L’esemplarità dell’amministratore disonesto
Questo procedimento richiede degli atteggiamenti che consentono di perseguire più sicuramente il fine. Ed è quanto Gesù loda nell’amministratore disonesto, che rimane disonesto, e l’aggettivo stesso lo giudica, ma, in ordine all’obiettivo che persegue, mostra una serie di caratteristiche che, queste sì, possono essere esemplari per chi cerca la salvezza.
Egli, infatti, comprendendo che la situazione per lui si è fatta critica, agisce con rapidità; con prudenza, secondo la definizione classica di adeguamento dei mezzi al conseguimento di un fine; con decisione e scaltrezza. C’è una certa grandezza umana in quest’uomo, ovviamente tralasciando il fine. Chi si dedica a fini migliori, qual è la salvezza della propria e dell’altrui anima, è capace di altrettanta grandezza?

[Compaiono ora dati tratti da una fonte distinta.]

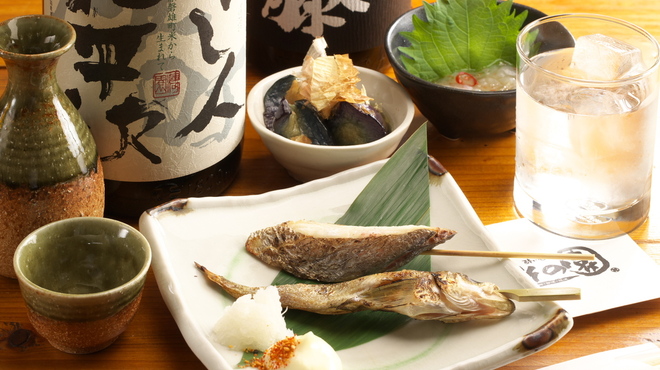 酔い処 園 - メイン写真: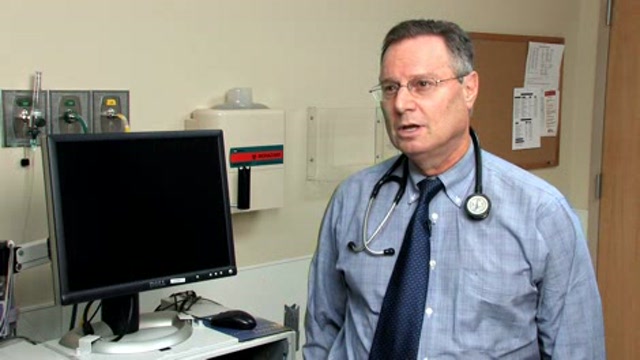 Allergens and Asthma Thumbnail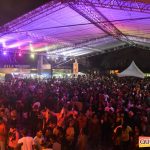Papazoni lota praça pública de Itapebi e leva milhares de foliões ao delírio até amanhecer o dia 29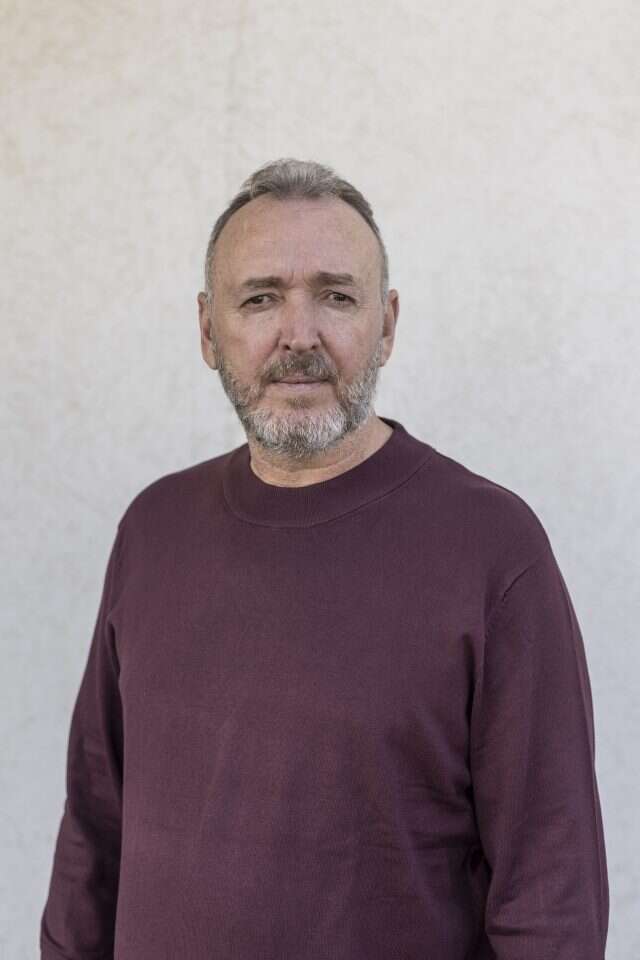 שלום אסייג. | אבישג שאר–ישוב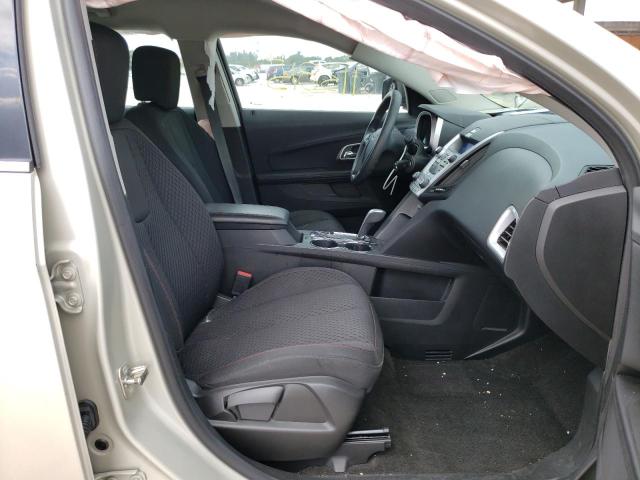 Photo 4 VIN: 2GNALAEK7E6259859 - CHEVROLET EQUINOX LS 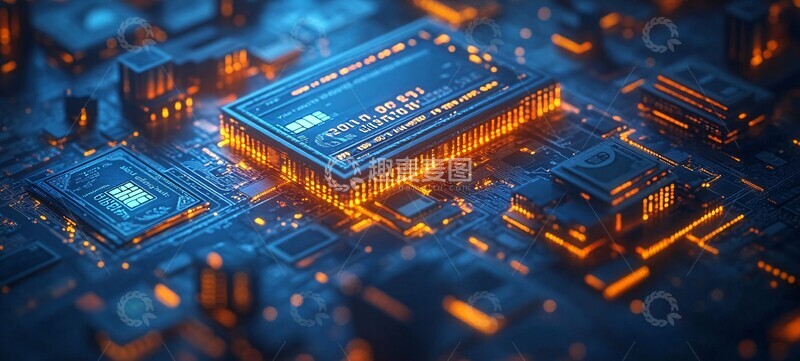 高清大图下载【趣麦麦图】金钱与销售合作图1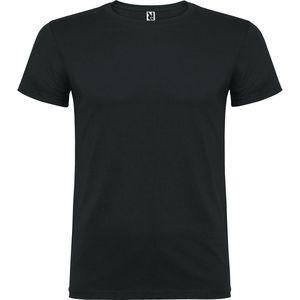 Roly CA6554 - BEAGLE T-shirt met korte mouwen Donker lood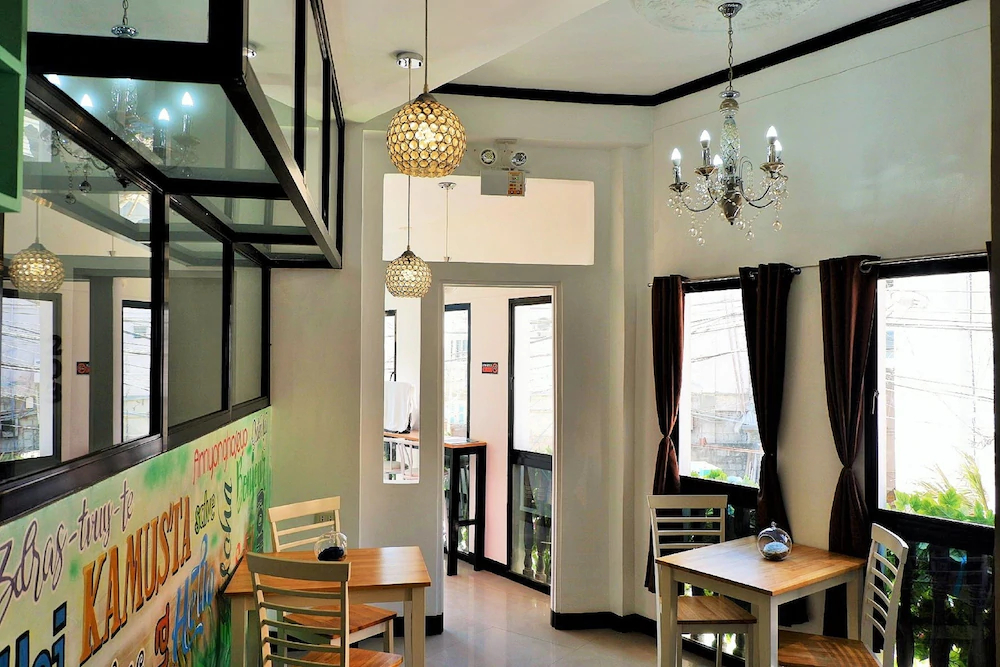 Kamusta Boutique Hotel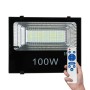 Spotlight - ΗΛΙΑΚΟΙ ΠΡΟΒΟΛΕΙΣ LED SMD 100W 6000K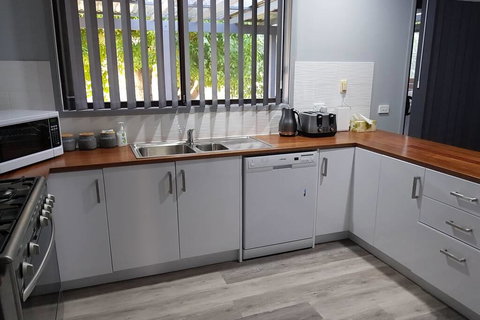 Blue Wren BnB Bathurst - Accommodation Main Beach 2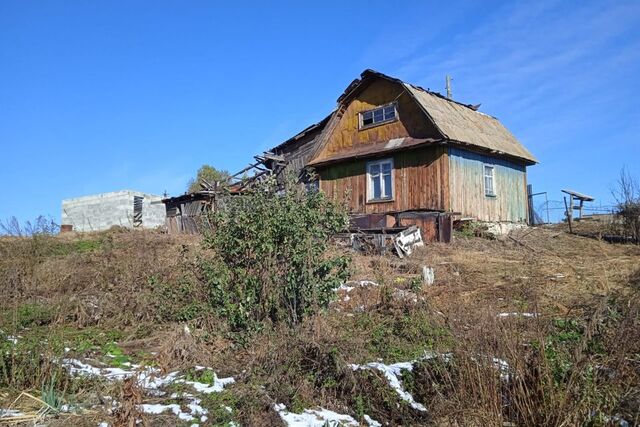 дом село Пирогово фото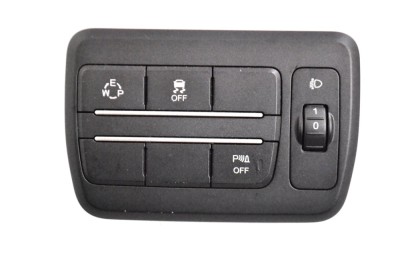 Panou de butoane SSANGYONG TIVOLI 2015 OEM: 85300-35151 13944560 foto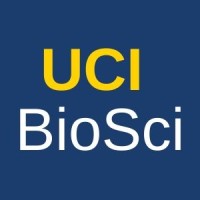 UCI School of Biological Sciences logo, UCI School of Biological Sciences contact details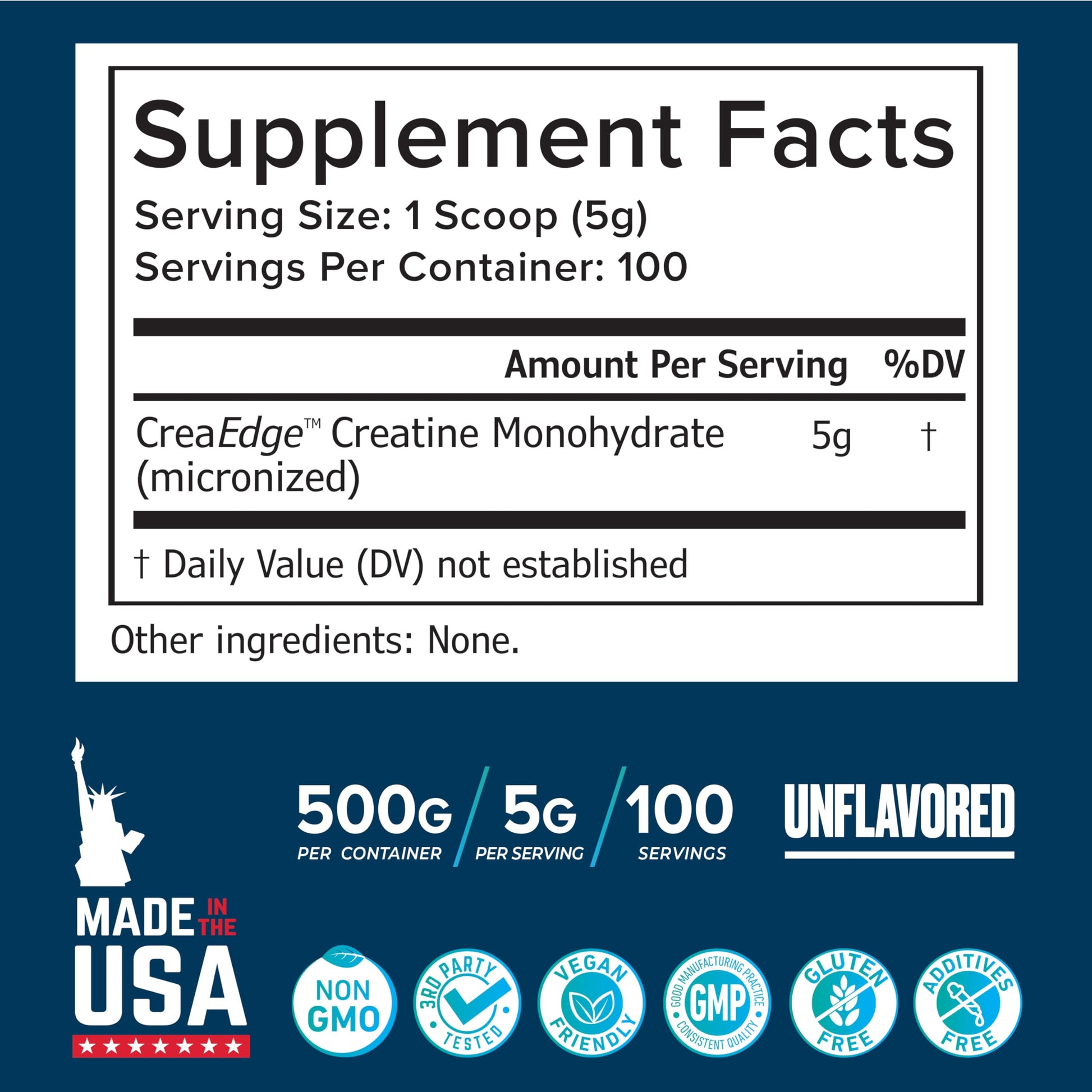 Creatine Monohydrate Powder 500g – Supports Muscle Growth, Strength & Cognitive Function*, 5g per Serv - 100 Servings, Pure Micronized Creatine for Enhanced Performance, Unflavored, 17.9 oz SCHIFFER HEALTH uk supplements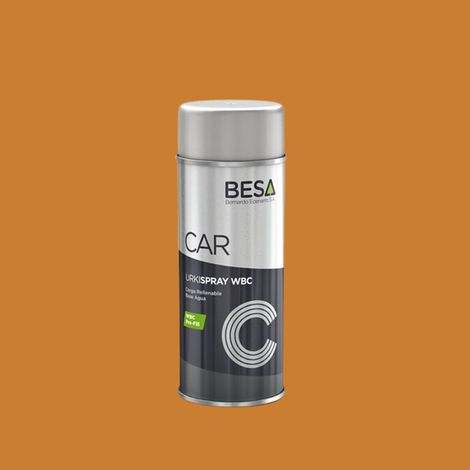Bombe de peinture bi composant Pantone 7571 C  Mat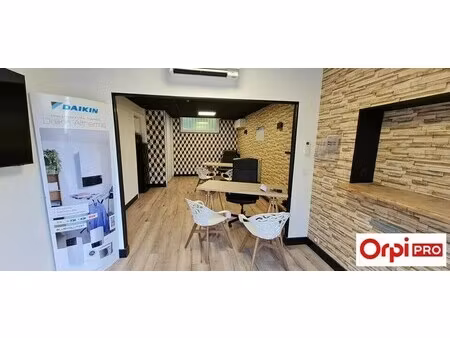 vente bureaux 29 m²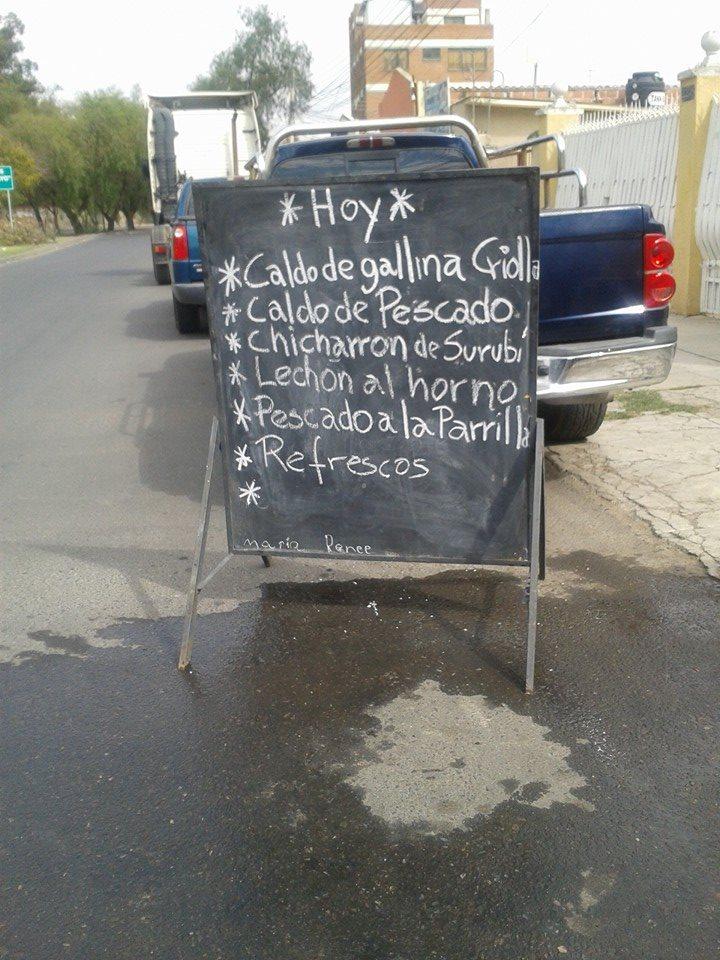 Delicias Maria Reene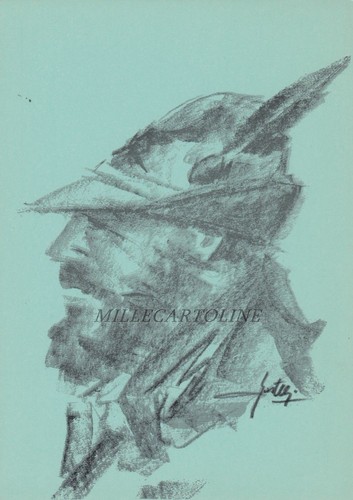 Militari alpini ritratto - militari:, "ritratto"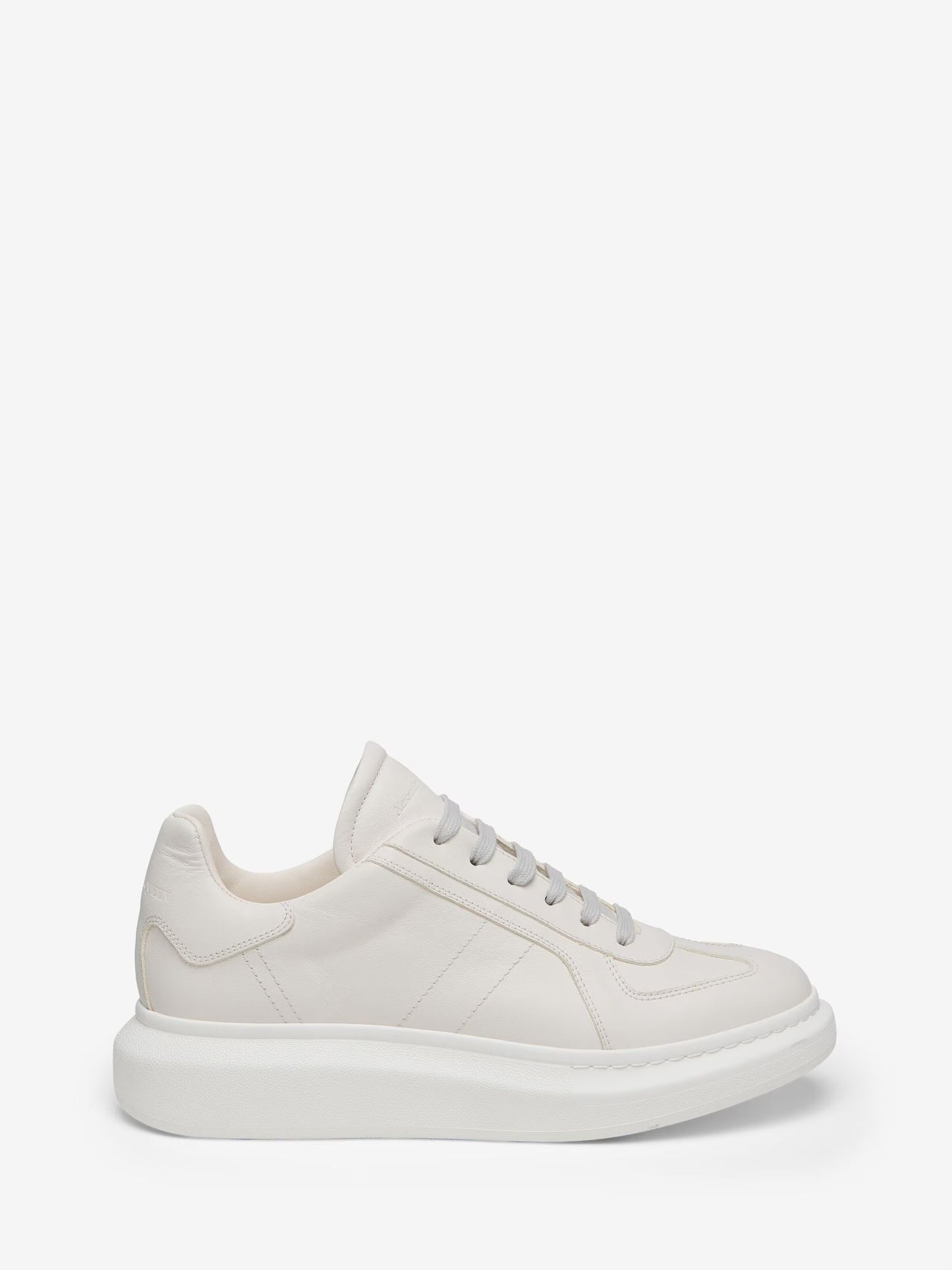 ALEXANDER MCQUEEN- RETRO GREEN BLACK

Anche dall’aspetto negativo di quest’uomo si può imparare. Egli è un amministratore, cioè uno che gestisce beni che appartengono a un altro, il vero proprietario. Egli deve rendere conto della sua amministrazione, perché teoricamente, cioè non nel suo caso, il suo lavoro consiste nel ben amministrare i beni del vero proprietario e infine consegnarglieli.
L’amministratore è il prototipo di ogni uomo. Il mondo, in tutta la sua interezza, è affidato all’uomo perché ne abbia cura. Delle cose del mondo gli uomini non sono padroni, bensì amministratori. L’uso di quanto è stato loro affidato può essere d’aiuto o di ostacolo alla loro salvezza.
Le realtà del mondo, infatti, di per sé neutre, possono rivelarsi vischiose se vissute senza la necessaria sapienza. Se vissute in modo insipiente possono diventare addirittura occasione di perdizione e di condanna.
La denuncia del profeta Amos
Così accadeva ai tempi del profeta Amos. Il Regno del nord si stava stabilizzando e si prospettava una certa abbondanza economica. Nulla di malvagio in sé. Il positivo, però, era accompagnato dalla deriva inaccettabile della sopraffazione del povero e dello sgretolamento morale e religioso degli israeliti. In questo contesto si colloca la predicazione del profeta. Egli accusa i suoi connazionali (cf Am 8,4); smaschera la loro insofferenza per i precetti religiosi, vissuti come impedimento a perpetrare le loro lucrose e disoneste attività; infine annuncia il severo monito di Dio (cf Am 8,7).
Sottotraccia, nel discorso di Amos, c’è la preoccupazione tipica dei profeti per la rottura del rapporto di reciprocità fra religione e relazioni umane, personali e sociali. Una reciprocità che non significa sovrapposizione o sostituzione, bensì continuità, dove l’agire concreto è motivato ed è manifestazione della fedeltà a Dio. Infrangere questa reciprocità porta a una religiosità vissuta come pura forma, accompagnata dalla malvagità nelle relazioni personali e sociali.
La fedeltà premiata
Il richiamo all’onestà, alla difesa del povero, al lecito guadagno è per il credente l’esito richiesto e necessario perché la fede non sia pura apparenza. Per poco o per molto tutti siamo amministratori. È una buona pedagogia alla responsabilità, dunque, quella del Vangelo: «Chi è fedele in cose di poco conto, è fedele anche in cose importanti; e chi è disonesto in cose di poco conto, è disonesto anche in cose importanti» (Lc 16,10).